Work task | Locate the line bearing "A woman wearing" in the material below, then reproduce it and each following line up to and including the line bearing "Ein Kameramann filmt".

------

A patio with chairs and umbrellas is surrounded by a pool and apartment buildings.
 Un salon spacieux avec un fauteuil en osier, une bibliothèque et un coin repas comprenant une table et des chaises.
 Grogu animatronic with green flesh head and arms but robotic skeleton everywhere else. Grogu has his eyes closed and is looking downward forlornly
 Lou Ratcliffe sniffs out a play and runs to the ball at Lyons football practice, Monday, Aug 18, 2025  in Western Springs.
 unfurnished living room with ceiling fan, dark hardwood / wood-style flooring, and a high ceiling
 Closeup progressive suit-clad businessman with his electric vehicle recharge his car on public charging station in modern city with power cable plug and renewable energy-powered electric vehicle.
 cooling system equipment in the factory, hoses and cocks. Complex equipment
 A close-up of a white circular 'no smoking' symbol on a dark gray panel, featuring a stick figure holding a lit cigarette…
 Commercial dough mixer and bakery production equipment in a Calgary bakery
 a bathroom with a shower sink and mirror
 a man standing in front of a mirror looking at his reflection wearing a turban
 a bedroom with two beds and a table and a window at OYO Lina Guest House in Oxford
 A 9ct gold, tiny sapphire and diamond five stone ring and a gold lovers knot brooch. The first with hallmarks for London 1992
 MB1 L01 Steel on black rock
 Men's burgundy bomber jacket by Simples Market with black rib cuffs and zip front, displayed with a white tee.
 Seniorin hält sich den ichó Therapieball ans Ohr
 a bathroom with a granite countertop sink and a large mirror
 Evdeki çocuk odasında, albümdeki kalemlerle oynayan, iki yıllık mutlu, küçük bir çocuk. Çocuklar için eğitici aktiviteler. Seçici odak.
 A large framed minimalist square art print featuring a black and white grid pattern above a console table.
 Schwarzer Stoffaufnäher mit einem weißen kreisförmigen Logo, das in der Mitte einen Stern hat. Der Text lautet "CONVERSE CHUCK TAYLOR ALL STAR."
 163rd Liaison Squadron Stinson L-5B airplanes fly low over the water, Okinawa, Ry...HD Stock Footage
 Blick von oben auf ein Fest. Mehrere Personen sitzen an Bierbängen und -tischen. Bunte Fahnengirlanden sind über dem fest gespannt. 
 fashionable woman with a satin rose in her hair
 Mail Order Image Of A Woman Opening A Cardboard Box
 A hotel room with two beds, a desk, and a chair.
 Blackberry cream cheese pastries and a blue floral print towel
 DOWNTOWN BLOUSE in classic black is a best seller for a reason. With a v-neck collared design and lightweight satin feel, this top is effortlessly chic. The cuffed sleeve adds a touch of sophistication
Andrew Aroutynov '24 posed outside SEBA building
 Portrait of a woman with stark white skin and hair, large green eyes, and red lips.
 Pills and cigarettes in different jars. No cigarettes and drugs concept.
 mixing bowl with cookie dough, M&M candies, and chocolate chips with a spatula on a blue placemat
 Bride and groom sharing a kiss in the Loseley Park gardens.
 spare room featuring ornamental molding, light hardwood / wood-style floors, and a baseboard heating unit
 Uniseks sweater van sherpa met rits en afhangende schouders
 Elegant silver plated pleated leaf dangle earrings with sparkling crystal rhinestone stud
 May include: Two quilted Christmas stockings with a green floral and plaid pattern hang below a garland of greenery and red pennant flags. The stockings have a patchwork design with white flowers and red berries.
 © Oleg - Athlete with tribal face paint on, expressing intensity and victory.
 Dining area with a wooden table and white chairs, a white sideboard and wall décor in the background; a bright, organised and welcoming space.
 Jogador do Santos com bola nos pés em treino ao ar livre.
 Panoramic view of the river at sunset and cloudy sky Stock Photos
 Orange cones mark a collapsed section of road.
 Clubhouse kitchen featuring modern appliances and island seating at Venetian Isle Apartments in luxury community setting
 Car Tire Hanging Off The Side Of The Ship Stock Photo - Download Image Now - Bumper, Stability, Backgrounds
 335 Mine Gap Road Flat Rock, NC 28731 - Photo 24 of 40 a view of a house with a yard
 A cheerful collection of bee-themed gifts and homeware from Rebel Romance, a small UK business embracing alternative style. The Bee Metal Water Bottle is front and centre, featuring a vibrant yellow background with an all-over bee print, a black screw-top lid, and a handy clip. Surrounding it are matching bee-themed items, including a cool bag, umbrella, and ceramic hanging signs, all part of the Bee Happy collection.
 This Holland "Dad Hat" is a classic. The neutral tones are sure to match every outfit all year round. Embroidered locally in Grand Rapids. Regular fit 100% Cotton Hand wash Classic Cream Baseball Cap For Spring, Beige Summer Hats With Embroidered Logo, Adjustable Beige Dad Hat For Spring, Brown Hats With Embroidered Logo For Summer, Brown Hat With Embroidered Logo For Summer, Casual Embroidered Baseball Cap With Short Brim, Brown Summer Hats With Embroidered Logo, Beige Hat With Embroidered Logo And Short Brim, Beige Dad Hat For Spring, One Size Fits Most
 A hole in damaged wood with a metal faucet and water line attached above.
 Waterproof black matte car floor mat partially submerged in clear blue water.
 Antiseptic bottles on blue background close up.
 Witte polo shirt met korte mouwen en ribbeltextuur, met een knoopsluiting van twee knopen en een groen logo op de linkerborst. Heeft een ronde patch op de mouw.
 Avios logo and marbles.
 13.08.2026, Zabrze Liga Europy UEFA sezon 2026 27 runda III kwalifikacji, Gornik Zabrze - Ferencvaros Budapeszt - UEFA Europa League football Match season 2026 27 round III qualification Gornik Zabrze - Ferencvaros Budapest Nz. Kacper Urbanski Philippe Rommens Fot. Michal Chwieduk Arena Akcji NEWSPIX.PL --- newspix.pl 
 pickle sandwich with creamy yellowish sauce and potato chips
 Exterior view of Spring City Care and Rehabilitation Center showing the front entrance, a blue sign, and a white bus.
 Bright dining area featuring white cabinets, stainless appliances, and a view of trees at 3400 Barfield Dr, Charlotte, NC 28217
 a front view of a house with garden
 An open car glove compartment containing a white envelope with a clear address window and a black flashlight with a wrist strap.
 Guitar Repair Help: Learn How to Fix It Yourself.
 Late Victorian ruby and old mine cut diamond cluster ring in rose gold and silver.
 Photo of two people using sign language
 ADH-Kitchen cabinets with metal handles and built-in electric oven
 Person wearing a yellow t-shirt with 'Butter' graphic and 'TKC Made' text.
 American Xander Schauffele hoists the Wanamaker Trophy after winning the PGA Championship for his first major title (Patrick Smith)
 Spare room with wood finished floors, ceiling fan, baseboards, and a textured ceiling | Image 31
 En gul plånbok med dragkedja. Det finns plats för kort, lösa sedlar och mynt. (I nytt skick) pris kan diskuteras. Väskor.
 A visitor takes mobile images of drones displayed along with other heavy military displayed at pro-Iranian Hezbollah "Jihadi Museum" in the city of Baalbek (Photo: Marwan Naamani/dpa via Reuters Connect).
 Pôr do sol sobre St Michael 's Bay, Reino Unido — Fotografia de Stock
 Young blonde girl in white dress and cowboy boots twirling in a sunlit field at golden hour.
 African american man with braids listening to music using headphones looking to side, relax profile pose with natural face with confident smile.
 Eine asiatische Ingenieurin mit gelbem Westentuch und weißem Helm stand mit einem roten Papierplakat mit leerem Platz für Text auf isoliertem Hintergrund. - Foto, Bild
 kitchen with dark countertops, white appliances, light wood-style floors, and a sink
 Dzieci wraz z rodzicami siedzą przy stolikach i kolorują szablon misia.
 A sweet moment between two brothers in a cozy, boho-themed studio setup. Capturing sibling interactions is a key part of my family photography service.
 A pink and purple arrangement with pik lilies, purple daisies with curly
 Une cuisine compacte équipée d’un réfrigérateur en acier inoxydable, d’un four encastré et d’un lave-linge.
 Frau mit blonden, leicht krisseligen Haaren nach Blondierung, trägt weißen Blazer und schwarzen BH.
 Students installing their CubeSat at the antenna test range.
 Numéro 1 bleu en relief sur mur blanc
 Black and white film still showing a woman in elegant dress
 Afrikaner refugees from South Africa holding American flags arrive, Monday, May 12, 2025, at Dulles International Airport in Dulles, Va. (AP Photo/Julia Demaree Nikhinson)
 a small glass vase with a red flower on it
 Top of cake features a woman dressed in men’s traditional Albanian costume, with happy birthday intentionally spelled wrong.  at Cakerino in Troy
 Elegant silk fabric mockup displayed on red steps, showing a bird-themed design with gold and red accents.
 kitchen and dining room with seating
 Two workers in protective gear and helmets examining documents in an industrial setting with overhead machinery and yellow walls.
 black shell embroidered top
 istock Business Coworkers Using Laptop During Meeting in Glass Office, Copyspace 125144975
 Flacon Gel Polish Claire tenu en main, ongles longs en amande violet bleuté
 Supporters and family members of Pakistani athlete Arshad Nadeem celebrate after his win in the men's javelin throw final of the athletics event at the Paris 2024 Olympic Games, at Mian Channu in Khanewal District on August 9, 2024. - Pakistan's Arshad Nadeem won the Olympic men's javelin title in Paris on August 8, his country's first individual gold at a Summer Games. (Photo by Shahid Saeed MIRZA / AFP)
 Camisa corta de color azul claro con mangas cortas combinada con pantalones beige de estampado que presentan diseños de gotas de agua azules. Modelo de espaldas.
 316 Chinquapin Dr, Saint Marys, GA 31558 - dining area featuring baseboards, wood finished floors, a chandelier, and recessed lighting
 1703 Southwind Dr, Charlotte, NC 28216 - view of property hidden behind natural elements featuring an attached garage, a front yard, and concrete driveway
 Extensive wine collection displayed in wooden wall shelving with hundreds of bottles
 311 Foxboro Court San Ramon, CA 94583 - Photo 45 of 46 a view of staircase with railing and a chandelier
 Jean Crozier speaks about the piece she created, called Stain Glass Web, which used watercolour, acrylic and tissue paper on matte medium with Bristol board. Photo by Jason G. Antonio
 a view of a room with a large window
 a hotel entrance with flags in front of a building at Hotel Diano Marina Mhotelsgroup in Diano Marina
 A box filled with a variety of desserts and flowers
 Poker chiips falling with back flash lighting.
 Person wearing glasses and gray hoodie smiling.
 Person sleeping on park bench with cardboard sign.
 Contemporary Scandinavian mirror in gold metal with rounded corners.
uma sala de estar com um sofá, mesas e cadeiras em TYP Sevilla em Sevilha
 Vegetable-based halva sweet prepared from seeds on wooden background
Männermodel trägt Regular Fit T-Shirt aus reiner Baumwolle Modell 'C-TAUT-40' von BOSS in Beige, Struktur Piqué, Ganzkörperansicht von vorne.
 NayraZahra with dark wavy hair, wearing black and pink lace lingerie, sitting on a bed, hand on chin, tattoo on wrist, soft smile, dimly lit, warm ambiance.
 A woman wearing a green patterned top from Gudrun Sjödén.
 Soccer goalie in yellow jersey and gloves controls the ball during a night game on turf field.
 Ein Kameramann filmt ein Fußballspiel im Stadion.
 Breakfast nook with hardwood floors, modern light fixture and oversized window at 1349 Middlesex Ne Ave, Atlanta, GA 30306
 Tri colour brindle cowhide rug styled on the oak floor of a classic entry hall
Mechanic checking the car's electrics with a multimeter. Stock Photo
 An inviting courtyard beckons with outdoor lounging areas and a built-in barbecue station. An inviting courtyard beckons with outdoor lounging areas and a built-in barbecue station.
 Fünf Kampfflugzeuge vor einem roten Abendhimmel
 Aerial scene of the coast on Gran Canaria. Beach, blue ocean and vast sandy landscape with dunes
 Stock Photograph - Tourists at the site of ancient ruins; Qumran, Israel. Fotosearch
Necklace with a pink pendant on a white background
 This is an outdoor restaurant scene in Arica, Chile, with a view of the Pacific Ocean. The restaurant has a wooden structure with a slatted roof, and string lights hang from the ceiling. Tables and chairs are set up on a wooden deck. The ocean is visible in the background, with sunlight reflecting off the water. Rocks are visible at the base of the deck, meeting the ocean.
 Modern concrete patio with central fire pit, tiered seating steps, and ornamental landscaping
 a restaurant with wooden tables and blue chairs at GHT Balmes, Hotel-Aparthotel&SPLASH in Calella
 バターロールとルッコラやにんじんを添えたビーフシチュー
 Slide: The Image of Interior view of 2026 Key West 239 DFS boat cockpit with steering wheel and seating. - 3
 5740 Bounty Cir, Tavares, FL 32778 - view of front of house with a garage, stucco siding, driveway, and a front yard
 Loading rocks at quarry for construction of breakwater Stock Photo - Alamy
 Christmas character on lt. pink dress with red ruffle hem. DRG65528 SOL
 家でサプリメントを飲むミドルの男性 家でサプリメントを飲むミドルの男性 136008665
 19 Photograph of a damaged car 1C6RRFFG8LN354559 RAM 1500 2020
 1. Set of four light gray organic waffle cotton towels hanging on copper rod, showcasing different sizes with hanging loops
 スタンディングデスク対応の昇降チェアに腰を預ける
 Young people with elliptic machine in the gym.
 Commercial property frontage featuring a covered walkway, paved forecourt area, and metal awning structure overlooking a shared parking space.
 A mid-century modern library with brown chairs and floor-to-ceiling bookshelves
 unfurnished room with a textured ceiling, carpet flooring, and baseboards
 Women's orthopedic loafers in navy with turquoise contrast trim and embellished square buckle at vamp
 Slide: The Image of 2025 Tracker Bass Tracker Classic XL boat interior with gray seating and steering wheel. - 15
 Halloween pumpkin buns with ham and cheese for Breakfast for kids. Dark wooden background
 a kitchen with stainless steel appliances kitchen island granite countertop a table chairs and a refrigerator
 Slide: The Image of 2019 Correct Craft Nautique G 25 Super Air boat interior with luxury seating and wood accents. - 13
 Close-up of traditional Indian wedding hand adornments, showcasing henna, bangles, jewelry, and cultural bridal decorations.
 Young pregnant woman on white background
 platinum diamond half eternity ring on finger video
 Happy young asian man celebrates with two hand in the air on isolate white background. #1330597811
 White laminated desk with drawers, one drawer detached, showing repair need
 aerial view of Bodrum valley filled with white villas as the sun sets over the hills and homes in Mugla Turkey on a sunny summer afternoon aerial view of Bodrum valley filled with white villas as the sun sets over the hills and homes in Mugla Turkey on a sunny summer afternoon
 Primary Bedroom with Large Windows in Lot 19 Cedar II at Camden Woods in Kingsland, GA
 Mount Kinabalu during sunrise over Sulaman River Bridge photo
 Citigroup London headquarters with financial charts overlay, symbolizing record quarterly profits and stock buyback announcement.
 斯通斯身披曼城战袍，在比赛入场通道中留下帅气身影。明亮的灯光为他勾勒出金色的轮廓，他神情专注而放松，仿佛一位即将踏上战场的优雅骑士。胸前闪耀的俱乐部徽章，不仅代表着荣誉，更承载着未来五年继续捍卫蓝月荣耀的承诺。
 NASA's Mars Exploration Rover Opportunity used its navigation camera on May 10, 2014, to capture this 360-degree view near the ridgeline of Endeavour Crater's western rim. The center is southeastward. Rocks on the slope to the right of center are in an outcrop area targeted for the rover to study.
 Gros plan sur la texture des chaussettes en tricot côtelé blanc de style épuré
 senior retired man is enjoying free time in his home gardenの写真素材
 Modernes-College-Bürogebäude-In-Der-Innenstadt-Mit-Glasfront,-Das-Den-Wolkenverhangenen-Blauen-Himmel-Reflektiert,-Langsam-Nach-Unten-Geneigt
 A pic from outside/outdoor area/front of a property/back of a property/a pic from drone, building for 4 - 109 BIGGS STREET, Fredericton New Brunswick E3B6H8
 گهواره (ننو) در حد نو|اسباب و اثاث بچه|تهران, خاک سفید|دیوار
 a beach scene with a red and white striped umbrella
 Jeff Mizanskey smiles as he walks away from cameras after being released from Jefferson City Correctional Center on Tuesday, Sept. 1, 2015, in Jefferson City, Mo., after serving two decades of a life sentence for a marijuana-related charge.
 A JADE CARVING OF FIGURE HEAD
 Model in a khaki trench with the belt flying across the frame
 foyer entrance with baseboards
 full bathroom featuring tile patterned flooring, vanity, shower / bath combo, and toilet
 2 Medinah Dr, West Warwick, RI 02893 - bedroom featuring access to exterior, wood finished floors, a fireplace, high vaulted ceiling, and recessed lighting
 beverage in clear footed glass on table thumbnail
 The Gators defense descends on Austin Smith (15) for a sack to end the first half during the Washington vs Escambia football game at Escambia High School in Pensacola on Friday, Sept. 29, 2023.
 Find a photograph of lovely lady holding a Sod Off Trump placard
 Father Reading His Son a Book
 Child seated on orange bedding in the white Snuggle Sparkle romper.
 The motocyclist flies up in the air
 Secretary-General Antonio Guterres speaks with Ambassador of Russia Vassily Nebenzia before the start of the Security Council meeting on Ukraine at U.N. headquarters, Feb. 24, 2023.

------

Your response |
 A woman wearing a green patterned top from Gudrun Sjödén.
 Soccer goalie in yellow jersey and gloves controls the ball during a night game on turf field.
 Ein Kameramann filmt ein Fußballspiel im Stadion.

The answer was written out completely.